Wenn man nun Bilanz ziehen möchte, scheint die BDS-Bewegung keinen Erfolg darin gehabt zu haben, die Abhaltung oder den Erfolg des Songcontest in Israel zu beeinflussen. Auf die Frage, ob denn die Boykottaufrufe irgendeinen Effekt hatten, antwortete die Eurovision Pressestelle auf Anfrage von Mena Watch: „Die einfache Antwort ist nein. Der Eurovision Songcontest ist ein apolitisches Event und Millionen Fans und Zuseher haben die Show live in der Expo Arena, bei Veranstaltungen in der ganz Tel Aviv und von zu Hause aus mitverfolgt.“ Im Gegensatz dazu behaupten BDS-Aktivisten, dass ihre Anstrengungen die Anzahl der Besucher und Touristen wesentlich reduziert haben. Während letztes Jahr in Lissabon rund 90,000 Touristen aus Anlass des Songcontests die Stadt besucht hatten, waren es in Tel Aviv dieses Jahr lediglich rund 10,000. Die Gründe hierfür finden sich jedoch laut Berichten nicht in den Erfolgen der BDS-Bewegung, sondern in den hohen Preisen für Flüge, Unterkünfte und Tickets sowie der Abschreckung aufgrund der gewalttätigen Eskalation um den Gazastreifen vor zwei Wochen.
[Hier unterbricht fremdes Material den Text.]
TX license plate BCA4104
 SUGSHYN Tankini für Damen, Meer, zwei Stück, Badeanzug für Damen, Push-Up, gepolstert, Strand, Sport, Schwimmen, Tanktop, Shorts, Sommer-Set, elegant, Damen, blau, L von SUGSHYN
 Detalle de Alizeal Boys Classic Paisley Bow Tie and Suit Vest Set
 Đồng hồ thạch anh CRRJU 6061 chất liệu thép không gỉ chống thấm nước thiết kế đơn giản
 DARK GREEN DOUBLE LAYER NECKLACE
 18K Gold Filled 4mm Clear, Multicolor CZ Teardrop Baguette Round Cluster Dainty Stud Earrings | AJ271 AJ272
Was heißt dies nun für den kulturellen Boykott allgemein? Im Falle des Eurovision Songcontest scheint dieser gescheitert zu sein, da Israel offensichtlich von den Forderungen der BDS-Bewegung unberührt blieb und auch die Teilnehmer und Zuseher nicht abgeschreckt wurden. Der Eurovision Songcontest wurde im Kontext des Zweiten Weltkriegs ins Leben gerufen, um Nationen näher zusammenzubringen und den kulturellen Austausch zu fördern – abseits von allfällig bestehenden historischen und politischen Konflikten. Kultur und Musik müssen auch heute, im 21. Jahrhundert, apolitisch bleiben und dürfen nicht zu Waffen für politische Agenden gemacht werden.
Die BDS-Bewegung gewann im Kontext der zweiten Intifada an Prominenz und wurde seither als die gewaltfreie Alternative für den Protest gegen Israels Politik gefeiert. Was dabei jedoch oft aus den Augen verloren wird ist, dass nicht nur der palästinensische Anspruch auf nationale Selbstbestimmung Legitimität hat, sondern auch Israel ein grundlegendes Existenzrecht besitzt. Das Ziel der BDS-Bewegung scheint es nicht zu sein, ein Ende der israelischen Besatzung des Westjordanlandes zu erreichen und damit eine Zwei-Staaten-Lösung zu vertreten, sondern Israels Legitimität ganz allgemein in Frage zu stellen. Abgesehen davon sollte die Bühne für die Lösung des Nahostkonfliktes ohnehin nicht jene des Eurovision Songcontests sein, sondern Verhandlungen zwischen den beiden Seiten als gleichwertige Partner.